Open-ended stuff is only great in theory. I find that the practice is nowhere near as awesome as you say, because so many DMs are so adamantly against actual creative thinking. Anything genuinely creative derails their DMing, and is thus a problem to be eliminated, not an awesome thing to support. This is yet another reason why I have such a dim view of DMs who talk so much about "absolute power" and the importance of their "vision" and their apparent need to railroad and fudge and illusionism-ify their world etc., etc., etc.--because each and every one of those things is yet another tool to prevent creative players from ever derailing their games, from ever doing anything actually outside the box.

And then so many DMs wonder why their players never take risks, always prefer guaranteed options, fall into reliable tried-and-true SOPs, and reject creative fun actions in favor of boring reliable ones. Can't tell you how many times I've seen a thread or a Reddit post or a tweet or a Youtube comment or whatever else where someone says, in various different phrases, "Why are my players always such murder-hobos who never do anything fun or creative?! It's maddening!" But almost invariably, when when you actually dig in and find out how they run their games....they run them in ways that hammer home that emotional investment is for suckers, that no good deed goes unpunished, that mercy will guaranteed 100% always be exploited, that creativity and out-of-the-box thinking gets at best gently no-saled and at worst violently stamped out, etc. And if you try to tell them that, they either get defensive ("You don't know how my group runs!") or hostile.

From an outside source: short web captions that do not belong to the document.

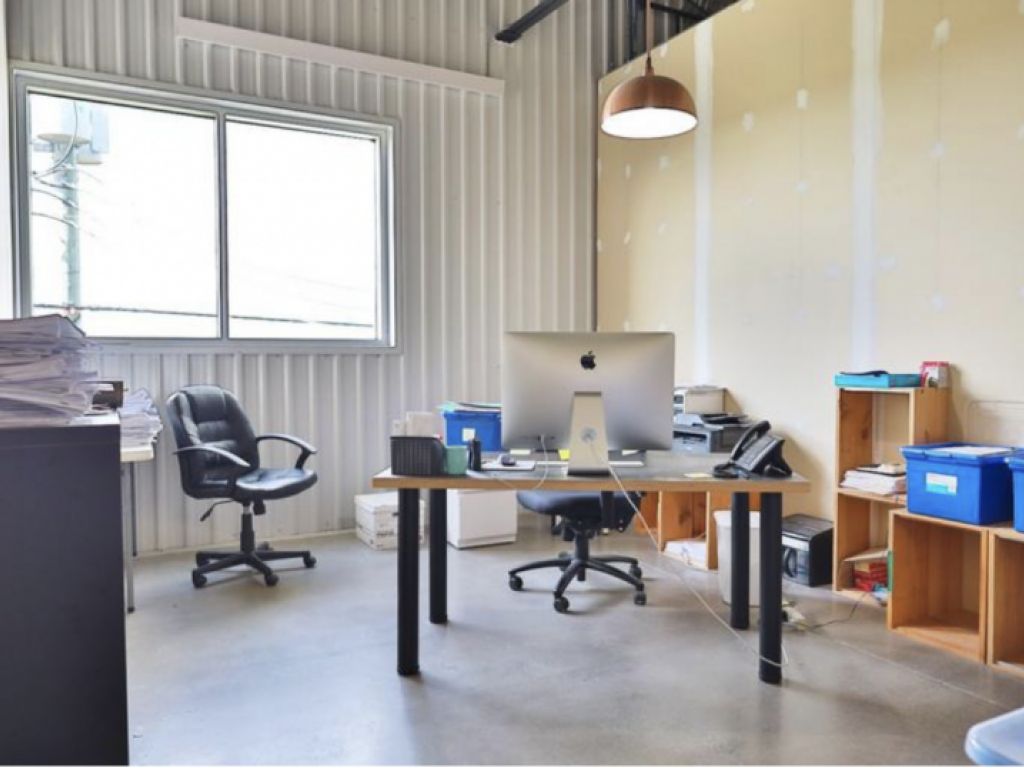 Superbe Local  18000' Industriel et/ou Commercial-Showroom-bureaux A louer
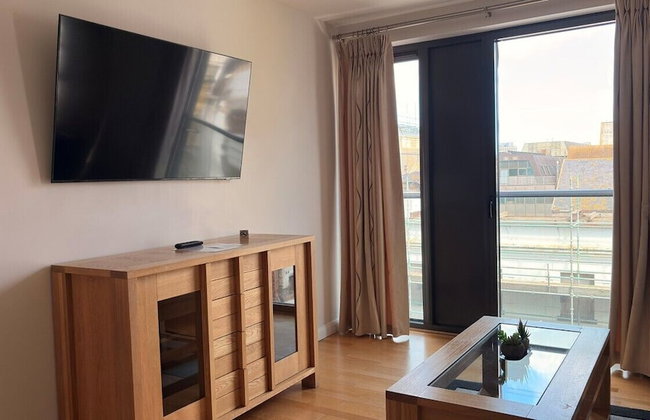 Liberty Wharf Apartments - Photo 14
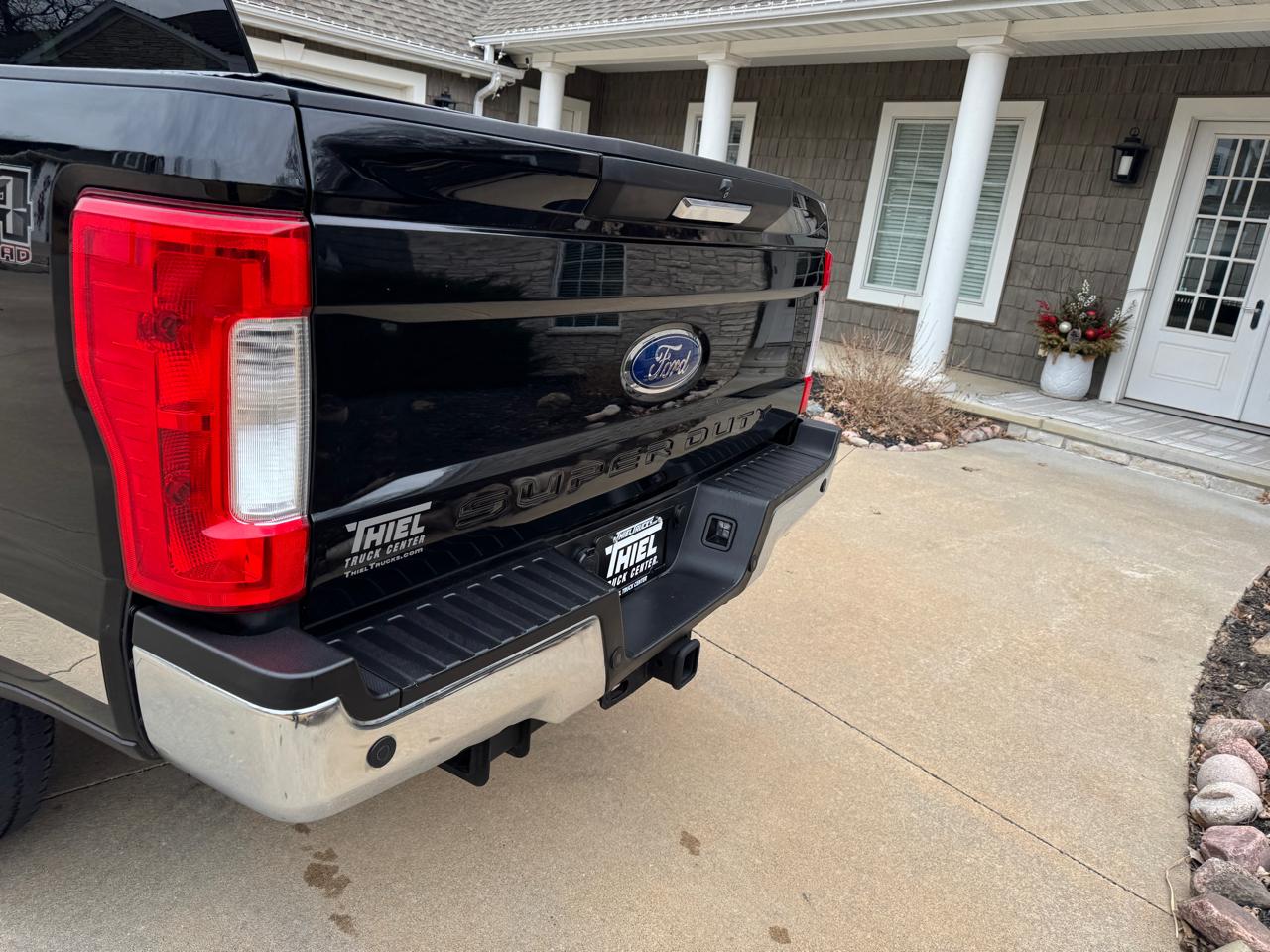 Ford Super Duty F-250 SRW XLT 4WD Crew Cab 6.75' Box 2017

Many, many DMs claim they support creativity. Very few of those who claim to do so actually do support creativity. Some of them it's because they're just hypocrites, claiming they're in favor of something they aren't, whether they realize it or not. Some of them, it's because they've got a lot of internalized "lessons" about how you "should" DM that prevent them from actually achieving the goals they want to achieve. Some, their definition of "creativity" is...more than a little deficient.
 


Which is far preferable to having a string of bad experiences.

You realise that by joining PUGs on the internet, you are selecting bad DMs? If these people where any good, or even had friends, they would have plenty of players, so wouldn’t need to invite random strangers like you to join.
So Roll20 should just stop existing? Myth-Weavers? The "looking for group" forum of this very website?

Your claimed logic doesn't work. There are plenty of reasons why an experienced DM might go looking for new players.

Edit: Furthermore, several of the best DMs I've ever had are people that I did join because they put up an ad. Including both my two favorite 4e DMs and my favorite 5e DM (Hussar).